Singer, hardly a household name, has contributed more personally to the GOP, some $2.3 million, than any other person on Wall Street. He was influential in adding Paul RyanPaul Ryan to the Republican ticket and getting his colleagues to pump another $1.1 million into GOP campaign coffers. He directs a number of hedge funds, most notably in this instance, the Elliott Management fund, which has profited to date by some $1.28 billion from Obama’s auto bailout program. He also manages a portion of both Mitt and Ann Romney's so-called “blind” trusts, which has produced a reputed $15 million in gains on their behalf.

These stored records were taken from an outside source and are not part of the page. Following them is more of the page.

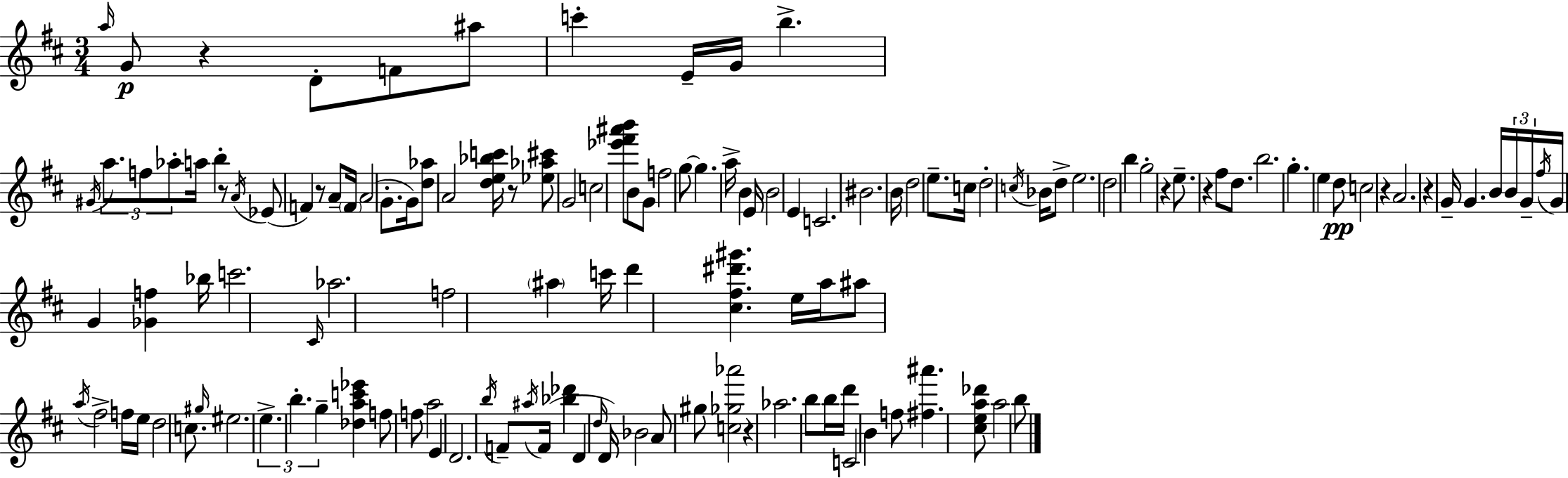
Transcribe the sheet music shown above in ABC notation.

X:1
T:Untitled
M:3/4
L:1/4
K:D
a/4 G/2 z D/2 F/2 ^a/2 c' E/4 G/4 b ^G/4 a/2 f/2 _a/2 a/4 b z/2 A/4 _E/2 F z/2 A/2 F/4 A2 G/2 G/4 [d_a]/2 A2 [de_bc']/4 z/2 [_e_a^c']/2 G2 c2 [_e'^f'^a'b']/2 B/2 G/2 f2 g/2 g a/4 B E/4 B2 E C2 ^B2 B/4 d2 e/2 c/4 d2 c/4 _B/4 d/2 e2 d2 b g2 z e/2 z ^f/2 d/2 b2 g e d/2 c2 z A2 z G/4 G B/4 B/4 G/4 ^f/4 G/4 G [_Gf] _b/4 c'2 ^C/4 _a2 f2 ^a c'/4 d' [^c^f^d'^g'] e/4 a/4 ^a/2 a/4 ^f2 f/4 e/4 d2 c/2 ^g/4 ^e2 e b g [_dac'_e'] f/2 f/2 a2 E D2 b/4 F/2 ^a/4 F/4 [_b_d'] D d/4 D/4 _B2 A/2 ^g/2 [c_g_a']2 z _a2 b/2 b/4 d'/4 C2 B f/2 [^f^a'] [^cea_d']/2 a2 b/2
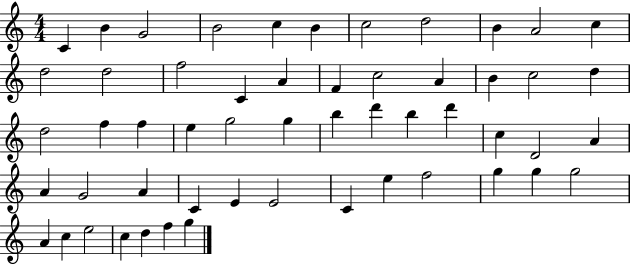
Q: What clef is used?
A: treble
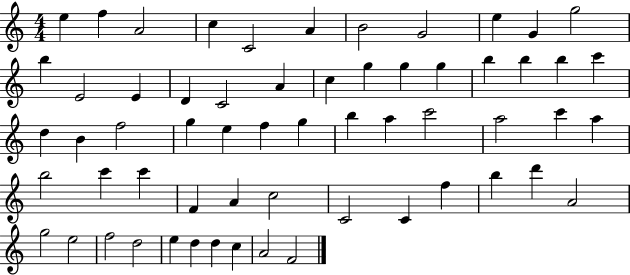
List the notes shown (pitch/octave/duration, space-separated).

E5/q F5/q A4/h C5/q C4/h A4/q B4/h G4/h E5/q G4/q G5/h B5/q E4/h E4/q D4/q C4/h A4/q C5/q G5/q G5/q G5/q B5/q B5/q B5/q C6/q D5/q B4/q F5/h G5/q E5/q F5/q G5/q B5/q A5/q C6/h A5/h C6/q A5/q B5/h C6/q C6/q F4/q A4/q C5/h C4/h C4/q F5/q B5/q D6/q A4/h G5/h E5/h F5/h D5/h E5/q D5/q D5/q C5/q A4/h F4/h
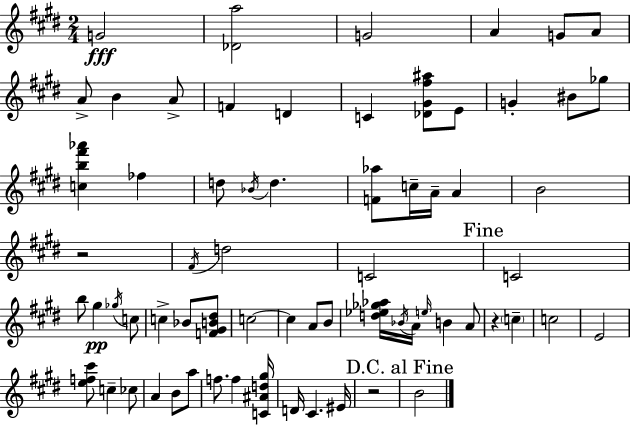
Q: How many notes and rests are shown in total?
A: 67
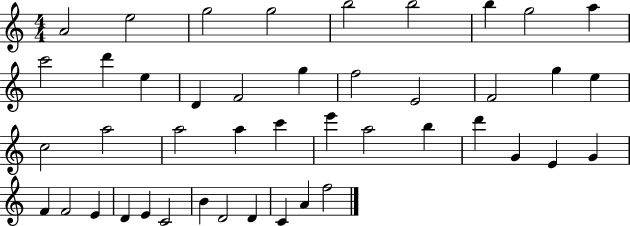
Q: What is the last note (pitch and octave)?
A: F5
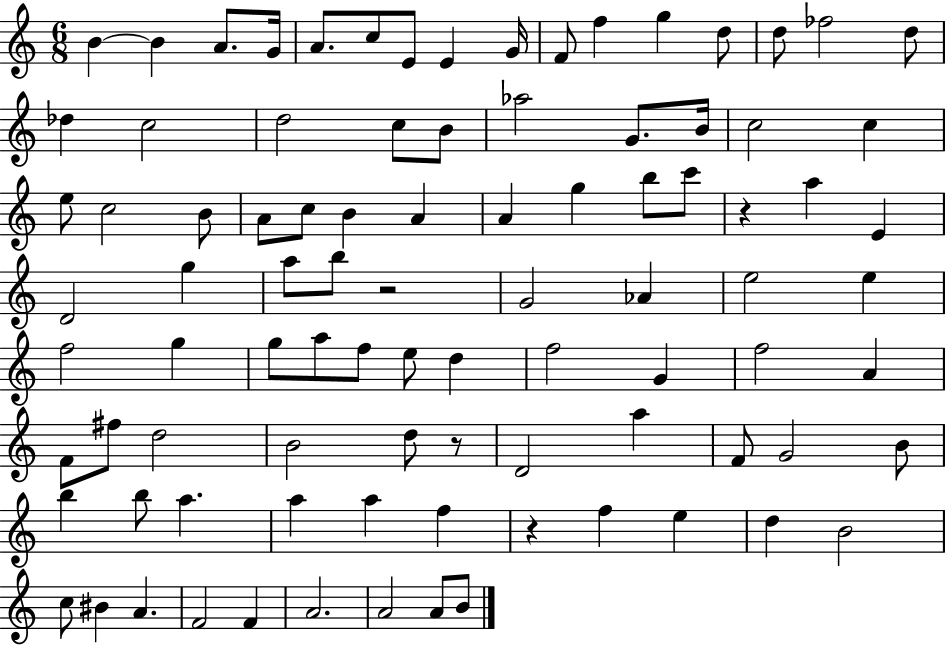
B4/q B4/q A4/e. G4/s A4/e. C5/e E4/e E4/q G4/s F4/e F5/q G5/q D5/e D5/e FES5/h D5/e Db5/q C5/h D5/h C5/e B4/e Ab5/h G4/e. B4/s C5/h C5/q E5/e C5/h B4/e A4/e C5/e B4/q A4/q A4/q G5/q B5/e C6/e R/q A5/q E4/q D4/h G5/q A5/e B5/e R/h G4/h Ab4/q E5/h E5/q F5/h G5/q G5/e A5/e F5/e E5/e D5/q F5/h G4/q F5/h A4/q F4/e F#5/e D5/h B4/h D5/e R/e D4/h A5/q F4/e G4/h B4/e B5/q B5/e A5/q. A5/q A5/q F5/q R/q F5/q E5/q D5/q B4/h C5/e BIS4/q A4/q. F4/h F4/q A4/h. A4/h A4/e B4/e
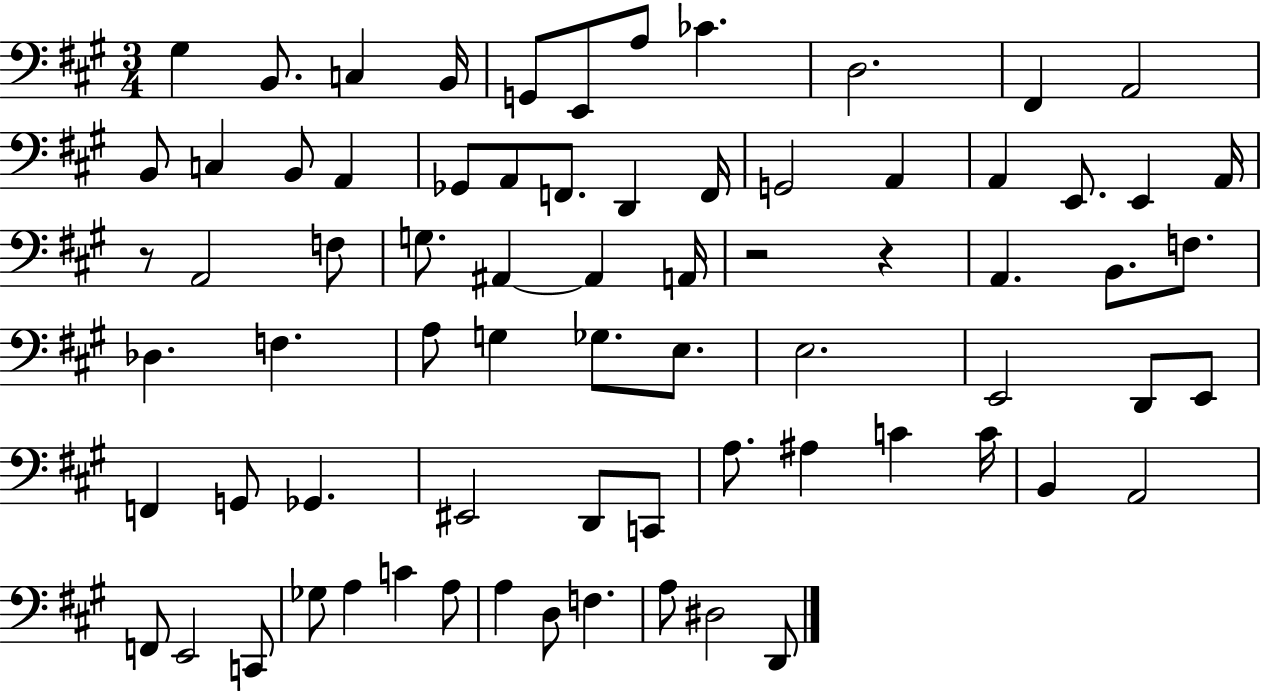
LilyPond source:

{
  \clef bass
  \numericTimeSignature
  \time 3/4
  \key a \major
  \repeat volta 2 { gis4 b,8. c4 b,16 | g,8 e,8 a8 ces'4. | d2. | fis,4 a,2 | \break b,8 c4 b,8 a,4 | ges,8 a,8 f,8. d,4 f,16 | g,2 a,4 | a,4 e,8. e,4 a,16 | \break r8 a,2 f8 | g8. ais,4~~ ais,4 a,16 | r2 r4 | a,4. b,8. f8. | \break des4. f4. | a8 g4 ges8. e8. | e2. | e,2 d,8 e,8 | \break f,4 g,8 ges,4. | eis,2 d,8 c,8 | a8. ais4 c'4 c'16 | b,4 a,2 | \break f,8 e,2 c,8 | ges8 a4 c'4 a8 | a4 d8 f4. | a8 dis2 d,8 | \break } \bar "|."
}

How can such a chain of events lead to such “astronomical” profits, estimated to be an obscene 3,000 percent return on their investments? The story starts with Delco Auto Parts, once an esteemed division of General Motors that spun off as a separate entity back in 1999. The firm, however, did not prosper independently, seeking bankruptcy protection in 2005. Nevertheless, the company was still a key component in the auto assembly line for GM, so to speak. Imagine building a car without a steering column. Delco, now “Delphi," may have had its financial woes, but its value to GM was unmistakable.
Singer and his accomplices saw the value in Delphi and began buying its bonds on the market for pennies, eventually converting that leverage for control in the company’s stock pool. With “control," the hedge funds successfully warded off a local bid to resurrect Delco on GM’s behalf, allowing them to proceed with more lucrative plans. The employee pension fund was dismantled, and 20,000 jobs were moved overseas to China, where the majority of Delco parts are manufactured today. What remained in North America? Unions were sent packing, but 5,000 non-union jobs were retained.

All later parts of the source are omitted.